··· Dataset extract ···
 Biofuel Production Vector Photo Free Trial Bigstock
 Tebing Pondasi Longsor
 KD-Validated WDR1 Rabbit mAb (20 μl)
···
- _What is needed_: For the material above, produce a word-for-word copy.

- _Solution for this problem_:
 Biofuel Production Vector Photo Free Trial Bigstock
 Tebing Pondasi Longsor
 KD-Validated WDR1 Rabbit mAb (20 μl)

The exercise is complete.